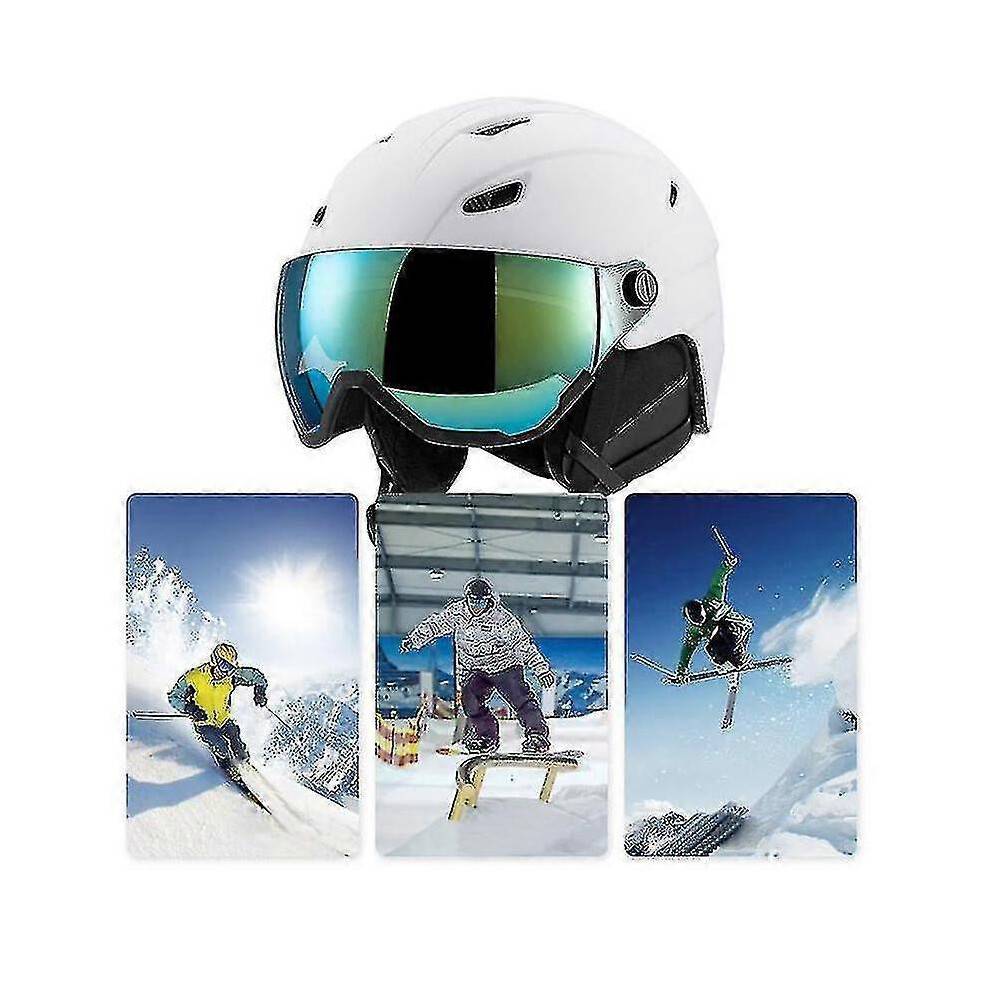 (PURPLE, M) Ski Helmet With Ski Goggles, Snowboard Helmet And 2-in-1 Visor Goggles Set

■ ■ ■

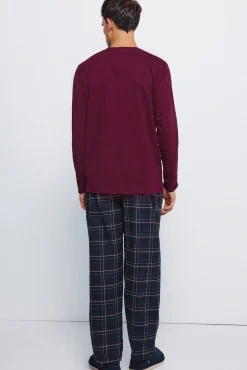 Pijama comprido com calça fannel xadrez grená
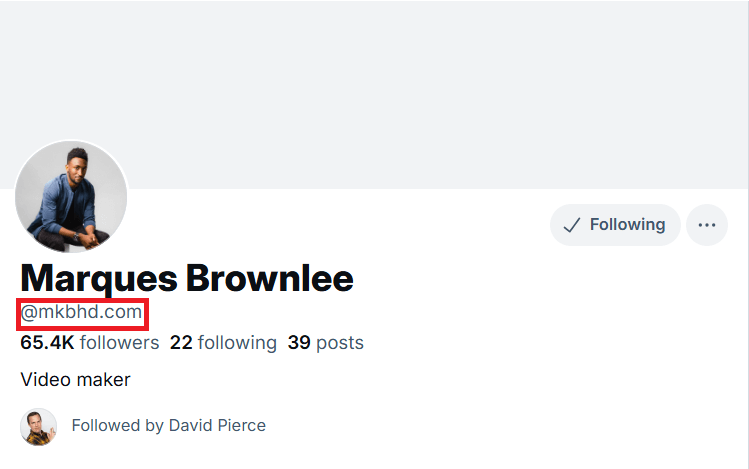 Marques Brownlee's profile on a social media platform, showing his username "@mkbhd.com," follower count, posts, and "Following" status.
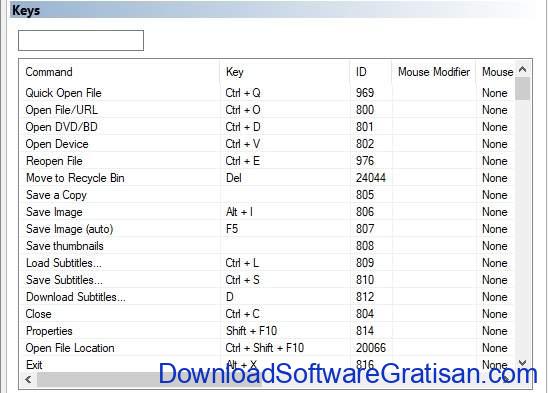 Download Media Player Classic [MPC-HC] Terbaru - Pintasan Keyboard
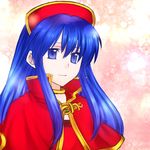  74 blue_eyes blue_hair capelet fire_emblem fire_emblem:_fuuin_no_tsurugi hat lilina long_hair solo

■ ■ ■

Among the entries above, find the line with "Download Media Player" and repeat exactly from there through the line with "74 blue_eyes blue_hair", leaving out the pictures.

▶ _Solution_:
 Download Media Player Classic [MPC-HC] Terbaru - Pintasan Keyboard
  74 blue_eyes blue_hair capelet fire_emblem fire_emblem:_fuuin_no_tsurugi hat lilina long_hair solo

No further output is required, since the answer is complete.